The television stations division of the Rupert Murdoch family-controlled media company launched a free channel on Monday that offers four hours of live daily original talk programming aimed at black audiences.

The service, called Fox Soul, uses the tag line of "Our Voice, Our Truth" and promises unfettered discussion of pop culture, politics, faith and personal advice.

The service will launch with four original daily shows produced in Los Angeles and will also carry existing programs from Fox-owned TV stations in New York, Chicago and other large markets that cater to black audiences.

"The shows will be what African-American people talk about around the kitchen table," said Jack Abernethy, chief executive of the Fox Television Stations. "This is programmed by and for that community."

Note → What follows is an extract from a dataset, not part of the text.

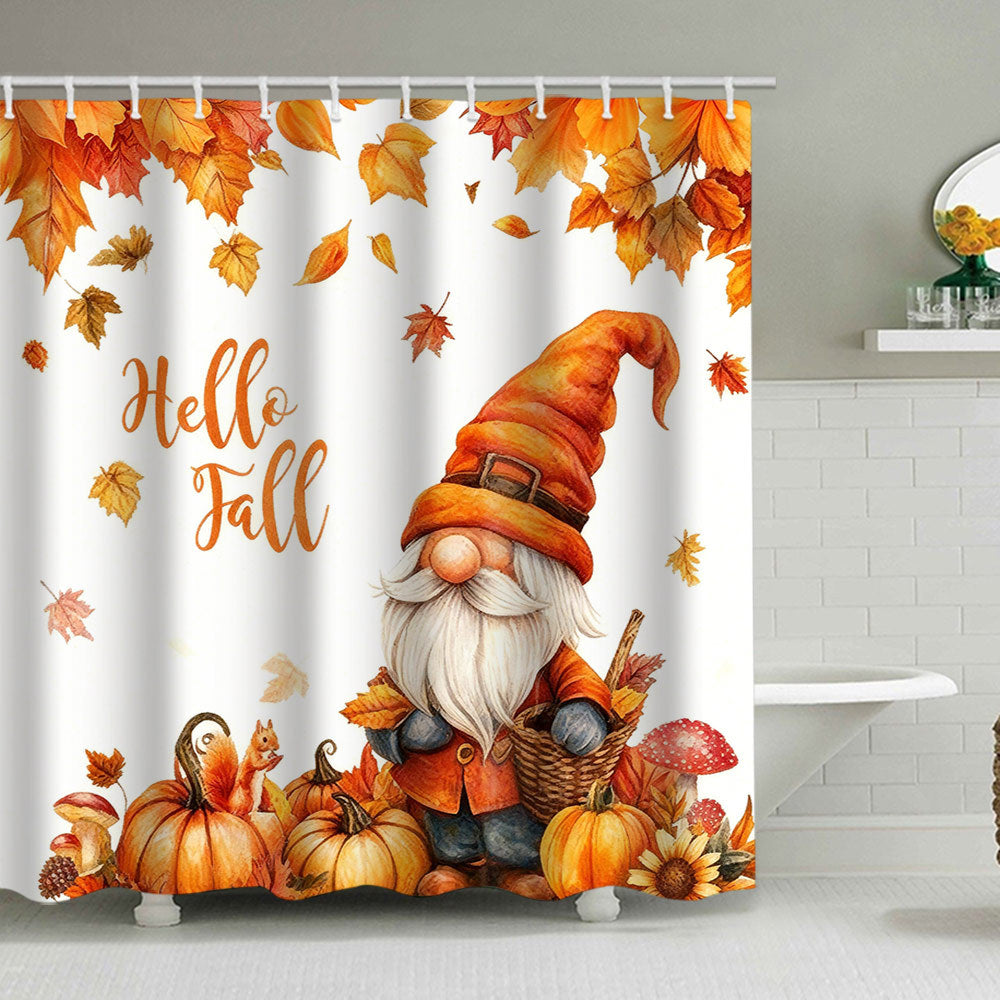 Artistic Pumpkin Print Shower Curtain
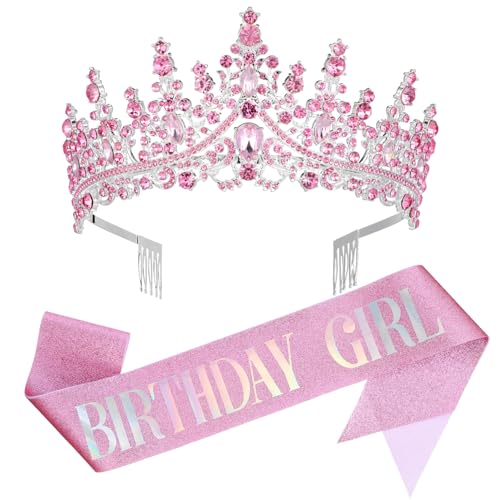 BAZEITFLOW Verstellbare Geburtstags Schärpe und Kristallkrone mit Funkelnden Strasssteinen Silber Pinker Prinzessin Tiara für Mädchen Festliche Geburtstagsdeko für Fotoshootings und Feiern von BAZEITFLOW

Fox's broadcast network and stations have a long history of serving black viewers with programming going back to such series as "In Living Color," "Martin" and "Living Single." More recently, Fox offered "Star" and "Empire," which concludes its sixth and final season this spring and has been its most popular series with viewers of color.

Abernethy said many of his division's 28 stations outperform competitors among black viewers because of the popularity of Fox network prime-time shows and syndicated talk programs such as "The Wendy Williams Show," "The Real" and "Dish Nation."

But the pursuit of black viewers with a new streaming service may test the legacy of the company's brand name.

While the broadcast network's entertainment programs have historically embraced diversity, in recent years Fox has become shorthand for Fox News.

The conservative-leaning cable channel is the biggest moneymaker in the Murdoch media empire. The news channel's commentators have been a megaphone for President Donald Trump, who has a low favorability rating among black voters. Fox News hosts also have a long history of being highly critical of the nation's first black president, Barack Obama.